Asian Church leaders vow to listen to faithful as synodal process starts  

Jose Torres Jr.   By Jose Torres Jr. for CNA

Cardinal Jose Advincula (right) during the his installation as new prelate of the Archdiocese of Manila on June 24, 2021. / Jose Torres Jr. / LiCAS News

Manila, Philippines, Oct 18, 2021 / 10:07 am (CNA).

Church leaders across Asia vowed to listen to the faithful as the diocesan phase of the Synod on Synodality started officially on Sunday, Oct. 17.

“Let us create opportunities for listening and dialogue on the local level through this synod,” said Cardinal Jose Advincula, Archbishop of Manila, in his homily during Mass to open the process.

He said that by listening, the Church will be able to share its mission with the people while also making everyone’s perspective part of the “synodal journey.”

“In God’s family, you have a voice, and your voice counts,” said Cardinal Advincula, adding that the process will involve “as many people as possible.”

In India, Matters India quoted Cardinal Oswald Gracias of Bombay urging the people “to walk together in the same path” in the synodal process.

“We have to encounter Jesus through prayer and adoration and to hear what the Spirit wants to say to the Church,” he said in his homily.

Bishop Emmanuel Trance of Catarman in the central Philippines told Church-run Veritas 846 in an interview that the synod should be an “encounter and beginning of unifying our local Church.”

He urged the faithful to “listen not only in our ears but also in our hearts.”

“Listening in this synodal process is to listen to the marginalized, even to the non-Christian community,” said the bishop.

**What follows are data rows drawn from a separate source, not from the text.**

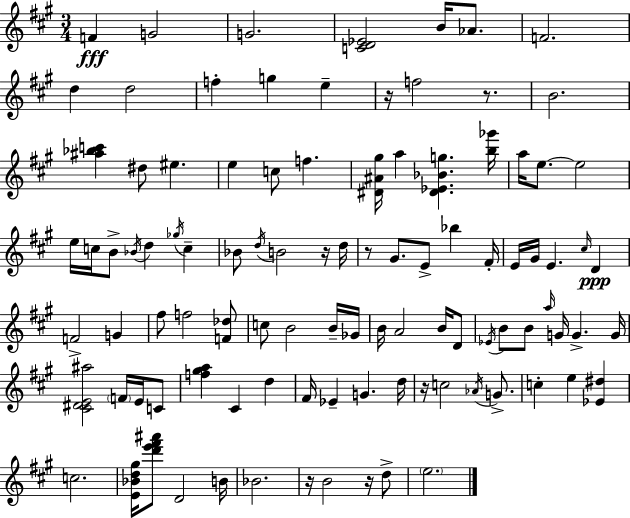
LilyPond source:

{
  \clef treble
  \numericTimeSignature
  \time 3/4
  \key a \major
  f'4\fff g'2 | g'2. | <c' d' ees'>2 b'16 aes'8. | f'2. | \break d''4 d''2 | f''4-. g''4 e''4-- | r16 f''2 r8. | b'2. | \break <ais'' bes'' c'''>4 dis''8 eis''4. | e''4 c''8 f''4. | <dis' ais' gis''>16 a''4 <dis' ees' bes' g''>4. <b'' ges'''>16 | a''16 e''8.~~ e''2 | \break e''16 c''16 b'8-> \acciaccatura { bes'16 } d''4 \acciaccatura { ges''16 } c''4-- | bes'8 \acciaccatura { d''16 } b'2 | r16 d''16 r8 gis'8. e'8-> bes''4 | fis'16-. e'16 gis'16 e'4. \grace { cis''16 } | \break d'4\ppp f'2-> | g'4 fis''8 f''2 | <f' des''>8 c''8 b'2 | b'16-- ges'16 b'16 a'2 | \break b'16 d'8 \acciaccatura { ees'16 } b'8 b'8 \grace { a''16 } g'16 g'4.-> | g'16 <cis' dis' e' ais''>2 | \parenthesize f'16 e'16 c'8 <f'' gis'' a''>4 cis'4 | d''4 fis'16 ees'4-- g'4. | \break d''16 r16 c''2 | \acciaccatura { aes'16 } g'8.-> c''4-. e''4 | <ees' dis''>4 c''2. | <e' bes' d'' gis''>16 <d''' e''' fis''' ais'''>8 d'2 | \break b'16 bes'2. | r16 b'2 | r16 d''8-> \parenthesize e''2. | \bar "|."
}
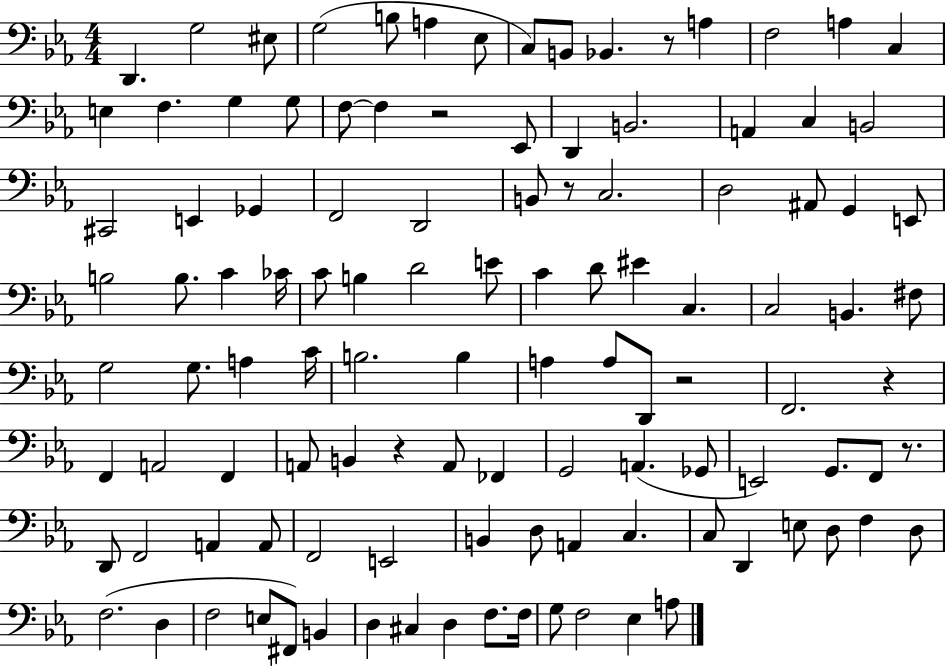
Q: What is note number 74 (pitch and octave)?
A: G2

The Catholic Bishops’ Conference of the Philippines earlier announced that “small circles” will gather in parishes, schools, and ecclesial communities “to pray together” and discuss issues affecting the Church during the synodal process.

The current synod is not the first to be held in the Philippines. In 1582, Manila had its first synod under its first bishop, the Dominican friar Domingo de Salazar, to discuss the rights of the Indigenous peoples under Spanish rule.

“A synod is not just an assembly in view of administration; it is a convocation guided by the Spirit for the challenge of mission,” read a statement signed by Archbishop Romulo Valles of Davao, president of the bishops’ conference, issued earlier this month.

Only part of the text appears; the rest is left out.